Awesome post, thanks for sharing that bruv 

I've actually managed to get this sh*t sorted several times over the past years. Prior THC consumption makes it kind of an "easy" feat though. So I guess I was cheating...this guy seems to be sober, albeit slightly "driven" *wink*...


----------



## Sa967St (Jul 5, 2011)

I love Nutella, but this was not that fun to watch.


----------



## choza244 (Jul 5, 2011)

oh, that man is a monster, I just entered in that "interactive seminar" that appeared in the recommended videos and saw him eat 3 hamburguers in less than 2 mins LOL


----------



## Edward (Jul 5, 2011)

http://tubedubber.com/#OENU9ZMEeww:KT0FFp4uPqo:0:100:0:0:true


----------



## ianography (Jul 5, 2011)

Why don't you guys like this? It's hilarious!


----------



## Andreaillest (Jul 5, 2011)

Furious pete! This guy. <3
Nutella. :tu
And he's actually far from being fat:


----------



## Selkie (Jul 5, 2011)

I think you have actually managed to find someone that goes through chocolate spread quicker than my wife seems to


----------



## TheCubeMaster5000 (Jul 5, 2011)

lol Suddenly, I don't feel hungry anymore....... This dude is a madman in a good way.


----------



## qqwref (Jul 5, 2011)

I agree wholeheartedly with this video. :tu


----------



## cubingbrazil (Jul 5, 2011)

FATSO


----------



## cubersmith (Jul 5, 2011)

qqwref said:


> I agree wholeheartedly with this video. :tu


 
That makes 2 :3


----------



## cuberkid10 (Jul 5, 2011)

Him eating the pound of butter is insane as well.


----------



## Zarxrax (Jul 5, 2011)

ew, nutella is so gross


----------



## 4EverCuber (Jul 5, 2011)

"that is disgusting" Russell Peters impression of his father.


----------



## joyceking (Jul 22, 2011)

I love it


----------



## Phlippieskezer (Jul 22, 2011)

Umm...

Why?

Also, I'd do it, but with a jar of peanut butter (granted I have parental approval - unlikely).  I'm a peanut butter FIEND...


----------



## Enter (Jul 22, 2011)

nom nom nom


----------



## professoralpha7 (Jul 22, 2011)

looks like chocolate


----------



## Akuma (Jul 22, 2011)

Compared to the ammounts of calories EpicMealTime cooks and eats, that guy is pathetic.
Eating a whole jar of Nutella requires no effort what so ever.

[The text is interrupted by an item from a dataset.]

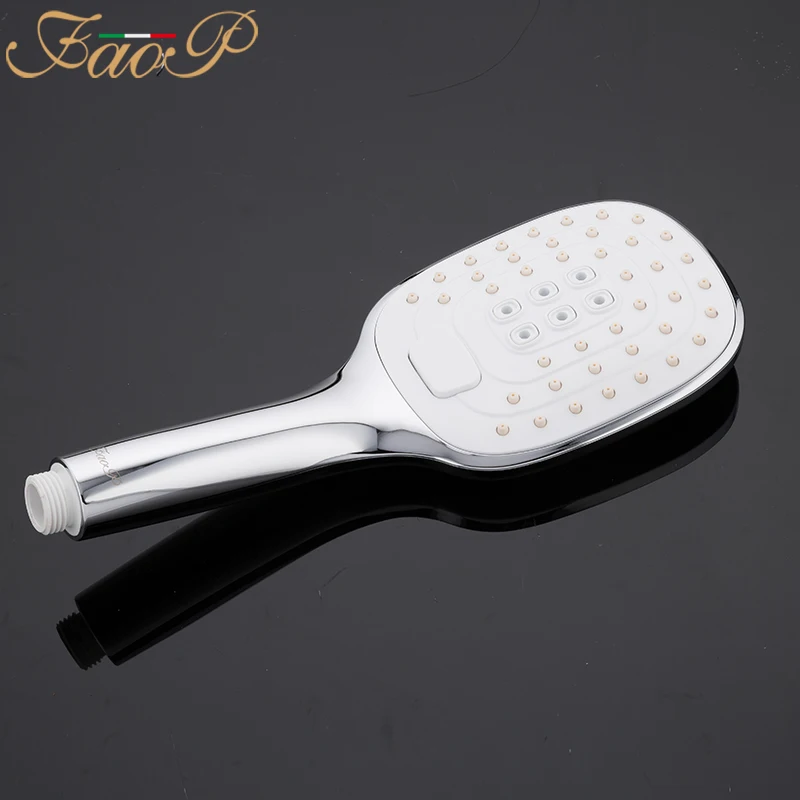 FAOP shower system white bathroom shower set waterfall rainfall shower heads brass shower panel bathroom mixer faucets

Making a 10k kcal burger and consuming it, now THAT takes effort!


----------



## Olji (Jul 22, 2011)

Akuma said:


> Compared to the ammounts of calories EpicMealTime cooks and eats, that guy is pathetic.
> Eating a whole jar of Nutella requires no effort what so ever.
> 
> Making a 10k kcal burger and consuming it, now THAT takes effort!


 
If you watched through his videos you can see that his things is to eat fast, not to consume as much calories as possible, although he have eaten some things I know I wouldn't be able to consume, like 2 pounds of butter, this or this


----------



## Bapao (Jul 22, 2011)

Oljibe said:


> If you watched through his videos you can see that his things is to eat fast, not to consume as much calories as possible, although he have eaten some things I know I wouldn't be able to consume, like 2 pounds of butter, this or this


 
I wonder if he pukes everything back out after he's done.


----------



## Erzz (Jul 22, 2011)

He purposely a whole jar of Nutella?
wat


----------



## Stefan (Jul 22, 2011)

Akuma said:


> Making a 10k kcal burger and consuming it, now THAT takes effort!


 
Where can I see that?


----------



## ElectricDoodie (Jul 22, 2011)

Phlippieskezer said:


> Umm...
> 
> Why?





Erzz said:


> He purposely a whole jar of Nutella?
> wat


He's a professional Competitive Eater. Training.




professoralpha7 said:


> looks like chocolate


I'm guessing you don't know what Nutella is.




Akuma said:


> Compared to the ammounts of calories EpicMealTime cooks and eats, that guy is pathetic.
> Eating a whole jar of Nutella requires no effort what so ever.
> 
> Making a 10k kcal burger and consuming it, now THAT takes effort!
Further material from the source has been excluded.